*Input data:*
· · ·
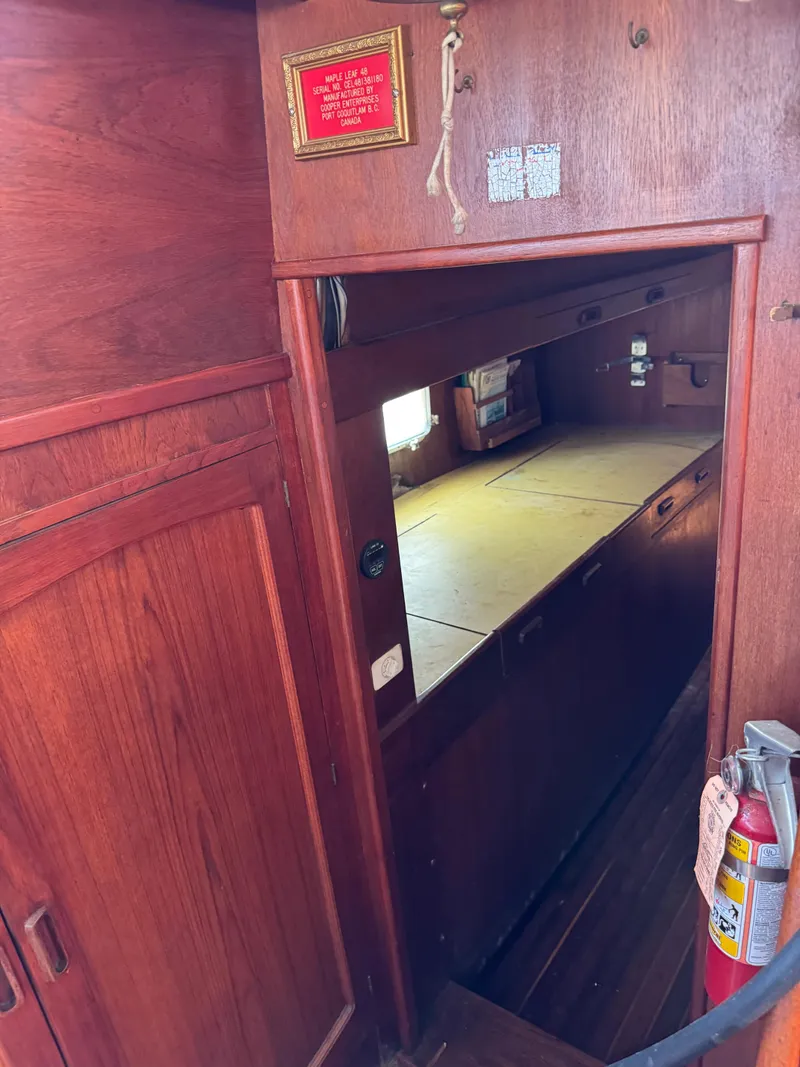 Slide: The Image of Interior of 1980 Cooper Marine Mapleleaf 48 yacht with wooden cabinetry and fire extinguisher. - 11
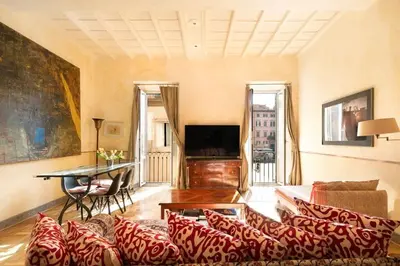 a living room with a couch and a table at Farnese Designer Loft by Romeloft in Rome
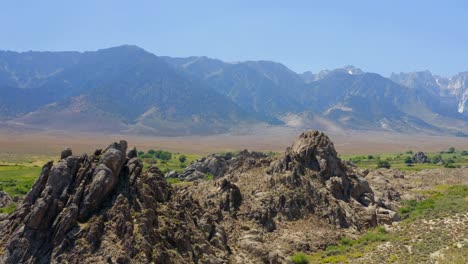 4K-aerial-of-rocks-by-Alabama-Hills-with-Mount-Whitney-in-the-background,-in-California,-USA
· · ·
*Exercise objective:* All that is wanted is the run of lines from the start of the material through the line that holds "a living room", retyped exactly, with no pictures.

*Answer to the problem:*
 Slide: The Image of Interior of 1980 Cooper Marine Mapleleaf 48 yacht with wooden cabinetry and fire extinguisher. - 11
 a living room with a couch and a table at Farnese Designer Loft by Romeloft in Rome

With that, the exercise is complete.